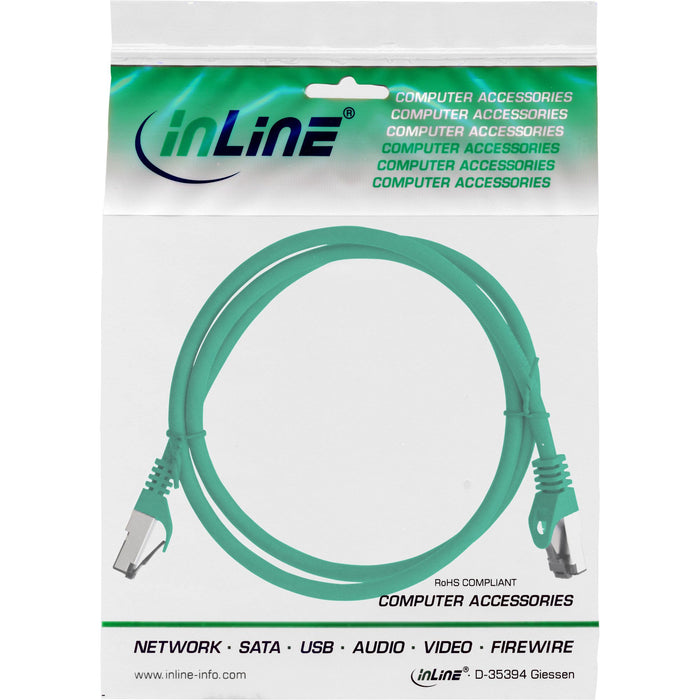 EAN 4043718287659 - InLine 78814G cable de red Verde 1,5 m Cat8.1 S/FTP (S-STP) imagen 3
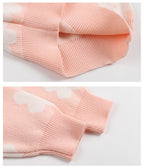 Cotton Knitted Jumper for Girls - Flower Stitch Pull On Top, 18 Months to 6 Years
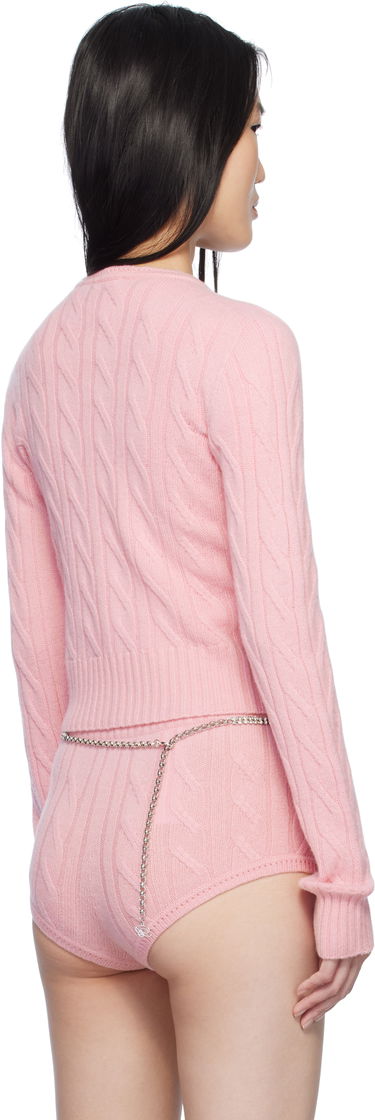 Villapaita Blumarine Blumarine Wool & Cashmere Knit Cardigan Vaaleanpunainen | P522M570A, 2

#### [DESCRIPTION OF THE TASK]
From the data above, write out everything exactly except the pictures.

#### [OUTPUT]
 EAN 4043718287659 - InLine 78814G cable de red Verde 1,5 m Cat8.1 S/FTP (S-STP) imagen 3
 Cotton Knitted Jumper for Girls - Flower Stitch Pull On Top, 18 Months to 6 Years
 Villapaita Blumarine Blumarine Wool & Cashmere Knit Cardigan Vaaleanpunainen | P522M570A, 2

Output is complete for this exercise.